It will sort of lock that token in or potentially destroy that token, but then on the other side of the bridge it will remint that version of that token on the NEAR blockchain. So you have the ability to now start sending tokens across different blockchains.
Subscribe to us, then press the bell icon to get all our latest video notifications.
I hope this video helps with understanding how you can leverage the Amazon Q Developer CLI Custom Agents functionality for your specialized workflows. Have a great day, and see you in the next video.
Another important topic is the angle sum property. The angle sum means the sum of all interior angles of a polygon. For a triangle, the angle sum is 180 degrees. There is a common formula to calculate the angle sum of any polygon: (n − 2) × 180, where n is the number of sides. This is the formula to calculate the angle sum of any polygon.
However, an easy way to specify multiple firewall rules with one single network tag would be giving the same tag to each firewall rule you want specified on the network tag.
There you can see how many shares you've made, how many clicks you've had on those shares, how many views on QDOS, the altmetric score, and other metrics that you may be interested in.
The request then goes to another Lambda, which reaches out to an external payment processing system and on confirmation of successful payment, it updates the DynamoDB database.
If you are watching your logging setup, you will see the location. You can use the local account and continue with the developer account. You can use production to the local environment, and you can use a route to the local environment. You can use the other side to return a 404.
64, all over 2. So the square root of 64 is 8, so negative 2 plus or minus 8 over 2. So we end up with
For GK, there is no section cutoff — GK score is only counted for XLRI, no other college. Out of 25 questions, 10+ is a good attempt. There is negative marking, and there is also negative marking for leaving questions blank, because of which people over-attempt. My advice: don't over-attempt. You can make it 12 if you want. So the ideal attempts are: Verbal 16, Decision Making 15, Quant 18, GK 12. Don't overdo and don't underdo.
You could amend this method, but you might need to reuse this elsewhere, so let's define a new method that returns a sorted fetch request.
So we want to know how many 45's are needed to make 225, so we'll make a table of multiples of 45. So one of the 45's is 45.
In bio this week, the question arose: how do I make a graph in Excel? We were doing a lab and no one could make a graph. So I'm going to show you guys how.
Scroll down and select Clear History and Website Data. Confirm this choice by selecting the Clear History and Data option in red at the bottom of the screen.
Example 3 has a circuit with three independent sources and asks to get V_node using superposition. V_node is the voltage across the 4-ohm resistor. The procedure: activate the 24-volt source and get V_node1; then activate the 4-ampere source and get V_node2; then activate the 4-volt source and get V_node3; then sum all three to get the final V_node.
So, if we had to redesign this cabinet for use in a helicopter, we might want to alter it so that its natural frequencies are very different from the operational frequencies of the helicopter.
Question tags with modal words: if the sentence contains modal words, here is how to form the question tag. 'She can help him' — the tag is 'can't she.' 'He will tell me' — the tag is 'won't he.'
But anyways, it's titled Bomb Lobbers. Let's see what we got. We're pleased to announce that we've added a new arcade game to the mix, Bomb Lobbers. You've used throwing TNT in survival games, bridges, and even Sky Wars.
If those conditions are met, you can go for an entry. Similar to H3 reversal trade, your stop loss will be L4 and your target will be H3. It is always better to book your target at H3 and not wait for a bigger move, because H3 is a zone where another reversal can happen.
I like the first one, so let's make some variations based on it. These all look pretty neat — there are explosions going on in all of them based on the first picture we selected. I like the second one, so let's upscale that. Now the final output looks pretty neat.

Exercise instructions - Report each line of the listing above that uses the word "could".

Exercise output -
You could amend this method, but you might need to reuse this elsewhere, so let's define a new method that returns a sorted fetch request.
In bio this week, the question arose: how do I make a graph in Excel? We were doing a lab and no one could make a graph. So I'm going to show you guys how.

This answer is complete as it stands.